Problem details: Please print every record exactly as it stands, leaving out the pictures.

Given data:
_ _ _

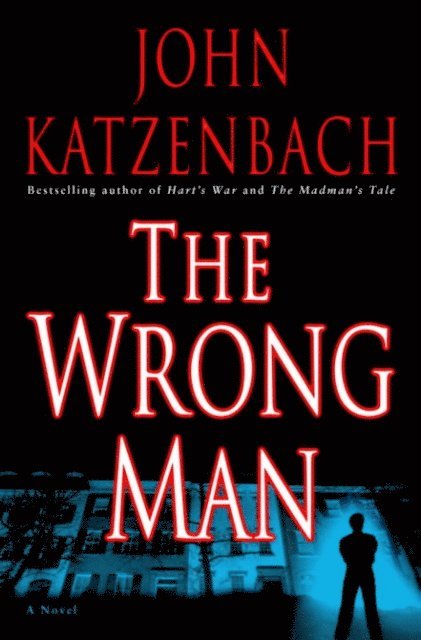 John Katzenbach - Wrong Man, E-bok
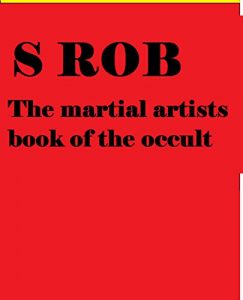 Baixar THE MARTIAL ARTISTS BOOK OF THE OCCULT (English Edition) pdf, epub, eBook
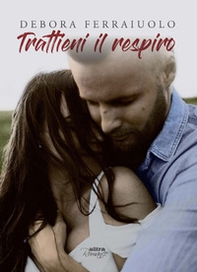 Trattieni il respiro. The Breathless Series - Librerie.coop Trattieni il respiro. The Breathless Series - Librerie.coop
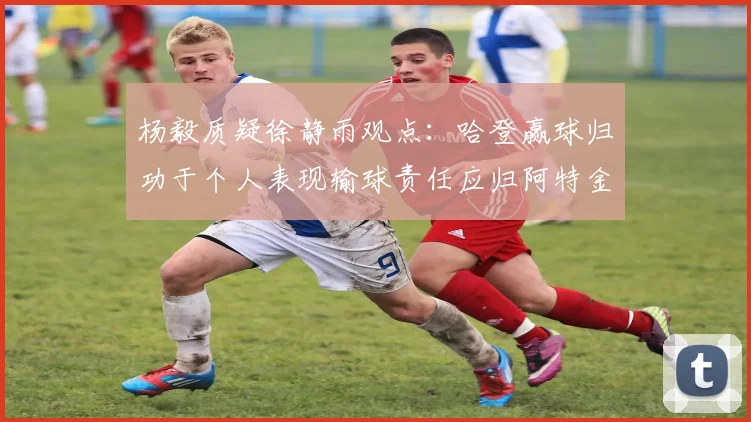 杨毅质疑徐静雨观点：哈登赢球归功于个人表现输球责任应归阿特金森教练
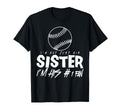 Im Not Just His Sister Im His Number T-Shirt - Trendy Graphic Men Women - T-Shirt, Sweatshirt, Hoodie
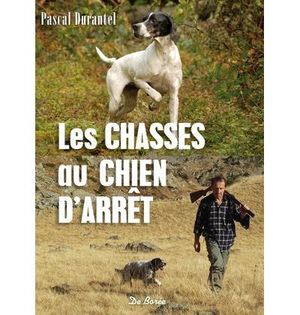 Les chasses au chien d'arrêt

_ _ _

Solution to this problem:
 John Katzenbach - Wrong Man, E-bok
 Baixar THE MARTIAL ARTISTS BOOK OF THE OCCULT (English Edition) pdf, epub, eBook
 Trattieni il respiro. The Breathless Series - Librerie.coop Trattieni il respiro. The Breathless Series - Librerie.coop
 杨毅质疑徐静雨观点：哈登赢球归功于个人表现输球责任应归阿特金森教练
 Im Not Just His Sister Im His Number T-Shirt - Trendy Graphic Men Women - T-Shirt, Sweatshirt, Hoodie
 Les chasses au chien d'arrêt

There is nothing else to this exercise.